### What you need to do
Repeat exactly, and only, the lines from the line containing "Modern illustration in" through the last line of the records below, including both.

### Given data
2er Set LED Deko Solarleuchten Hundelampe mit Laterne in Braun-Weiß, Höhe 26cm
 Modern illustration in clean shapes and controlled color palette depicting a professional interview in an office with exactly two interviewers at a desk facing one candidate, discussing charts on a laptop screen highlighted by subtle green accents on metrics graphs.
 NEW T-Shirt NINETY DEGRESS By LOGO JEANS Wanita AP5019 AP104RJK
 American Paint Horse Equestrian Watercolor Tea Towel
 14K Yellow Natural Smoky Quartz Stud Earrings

### Reply
 Modern illustration in clean shapes and controlled color palette depicting a professional interview in an office with exactly two interviewers at a desk facing one candidate, discussing charts on a laptop screen highlighted by subtle green accents on metrics graphs.
 NEW T-Shirt NINETY DEGRESS By LOGO JEANS Wanita AP5019 AP104RJK
 American Paint Horse Equestrian Watercolor Tea Towel
 14K Yellow Natural Smoky Quartz Stud Earrings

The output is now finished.